Anécdotas de la vida cotidiana de otro tiempo, retratadas en “Desde el otoño” por la pluma de Pepa Kostianovsky. Charlas amables con vecinas importantes en el mejor sentido y la relación con los comerciantes del barrio, con quienes se comparten momentos inolvidables y hasta risueños.
- Por Pepa Kostianovsky
Tampoco en Nuestra Señora teníamos teléfono, lo que le servía a mamá de pretexto para hacer amistad con las vecinas, intercambiar libros y revistas o simplemente charlar.
Una de las preferidas era doña Coca Lara Castro, que vivía casi llegando a la esquina de Piribebuy, en la vereda de enfrente. Y pasaba todos los días, camino a los colegios, el Nacional de Niñas y el de la Providencia, donde daba cátedras. Mamá le tenía una gran admiración a aquella mujer linda y luchadora que encontraba tiempo para ocuparse de los presos políticos entre sus dos turnos de profesora, el cuidado de su familia, su esposo, sus suegros muy ancianos y ¡seis hijos varones!
Para doña Coca, probablemente, era un momento de relax detenerse unos minutos a conversar, en la silla de mimbre que yo me apuraba a sacar a la vereda cuando la veíamos acercarse. Y el vaso de agua fresca que siempre la esperaba.
Cuando llegamos al barrio, los Lara Castro eran solamente cuatro y estaba por llegar el quinto, al que siguió el sexto.
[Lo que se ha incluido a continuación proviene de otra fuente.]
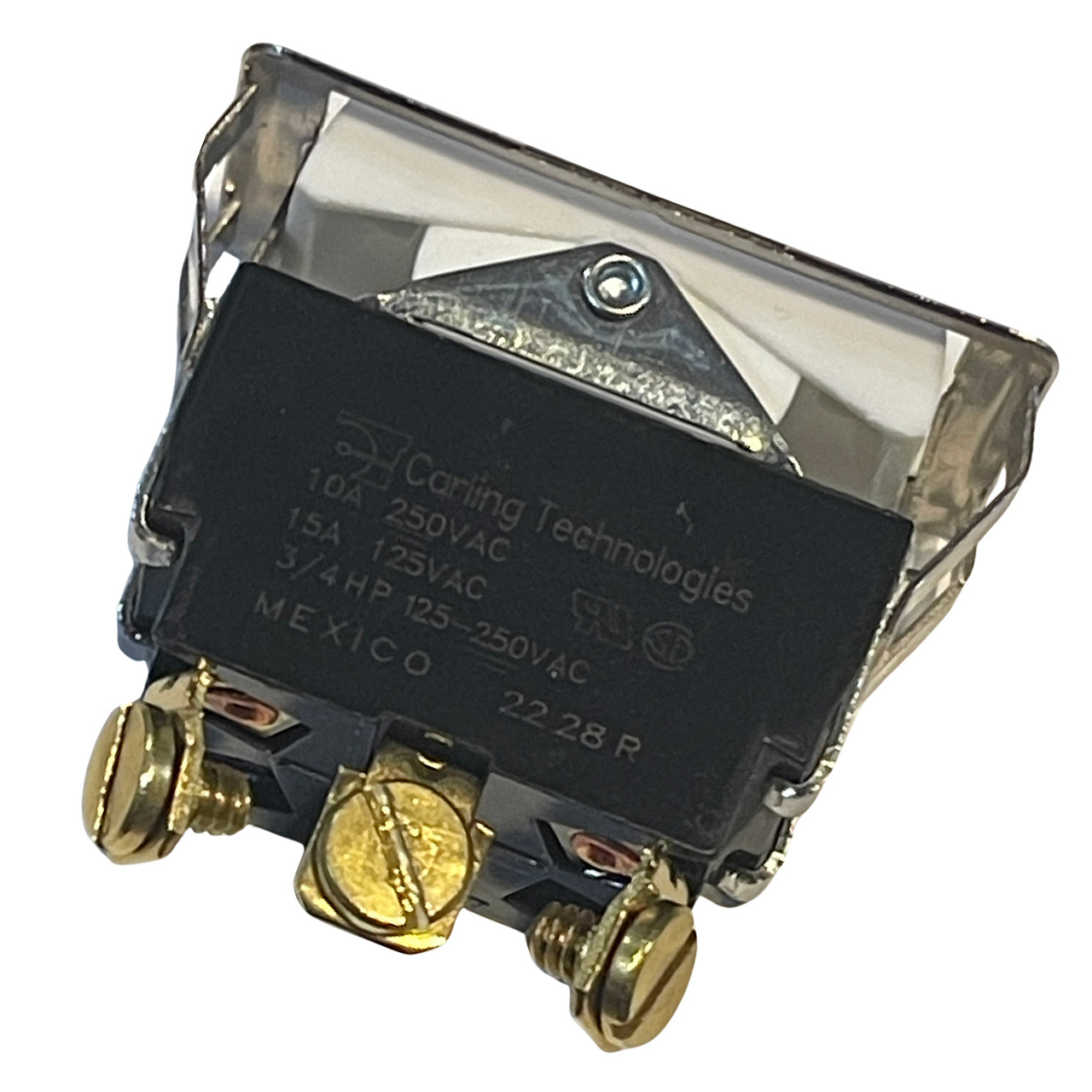SPX - Power Team PE172 Control Panel Pendant  Rocker Switch 16772 C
Una tarde, doña Coca y mamá bromeaban sobre las posibilidades de que ella siguiera “buscando la nenita”. Cabe apuntar aquí, que su esposo se llamaba Luis y su hijo mayor Luisito.
Y yo, metereta, no tuve mejor ocurrencia que decirle.
Mire que ya tiene un Luis y un Luisito. Si viene otra vez varón, va a ser el séptimo y puede ser Luisón*.
El pellizco que me dio mi madre me dejó el brazo negro por una semana.
Doña Coca, que además tenía sentido del humor, lo celebró con una carcajada.
No se piense que a mi madre no le pareció gracioso mi juego de palabras. Si me dio el pinchazo fue por pura cortesía para con su amiga. Pero después se pasó repitiendo la anécdota a quienes querían escucharla. Y, por supuesto, se la contó a los Fois, un matrimonio muy cordial, dueños de la farmacia La Milagrosa, ubicada justo frente a nuestra casa. Festejaron el cuento y a renglón seguido, la señora dijo:
–En casa de mi esposo también son siete varones.
–Mamá quedó algo cortada. Peor en vista del buen ánimo, se atrevió a seguir la broma.
–¿Y quién es el Luisón?– preguntó.
–Mi marido –respondió ella–, señalando al amable boticario que disfrutaba silencioso, con una sonrisa de oreja a oreja, el bochorno de mi pobre madre.
¿No les parece injusto el que no pudiera devolverle el pellizcón? De todos modos, tomé mi venganza contando yo a diestra y siniestra este segundo capítulo de la historia.
La farmacia de los Fois fue también escenario de otro incidente, poco honroso para mi familia.
Pese al traslado al Colegio Internacional, mucho más requintado que el proletario República Argentina, mi cabeza fue “ocupada” por indeseables inquilinos. No era la primera vez que me invadían los piojos, pero en el vecindario anterior don No-Cayetano era tan poco afable que ni siquiera prestaba atención a la cara del parroquiano, uno podía ir a comprarle cualquier cosa, mientras no fuera papel secante.
En cambio, los Fois eran como de la familia. Eran amigos. Todo el barrio transitaba por ahí.
Debo advertir que por aquella época la tecnología antipiojil no estaba desarrollada. No había shampoo, ni spray perfumado, ni cremitas delicadas. El único remedio era una receta magistral ¡Y terrible!, que combinaba nada menos que kerosene con un excipiente grasoso. Y ni siquiera tenía un nombre eufemístico. Se llamaba “ungüento de soldado”, porque lo usaban en los cuarteles para combatir piojos y otras plagas habitualmente instaladas en pelambres más sureñas de la geografía humana.
Mamá sugirió que papá lo trajera del centro, a lo que él se negó rotundamente. No iba a ir a pedir semejante elemento.
De modo que no quedó otra alternativa que “La Milagrosa”. Allá fuimos y muy desfachatadamente mi madre le susurró a su amiga que la “muchacha” tenía piojos y, por lo tanto, quería facilitarle el vergonzante ungüento.
La señora trató de esbozar un gesto cómplice. Pero no podía contener la risa ante el espectáculo que yo ofrecía rascándome la cabeza, impúdicamente, a dos manos.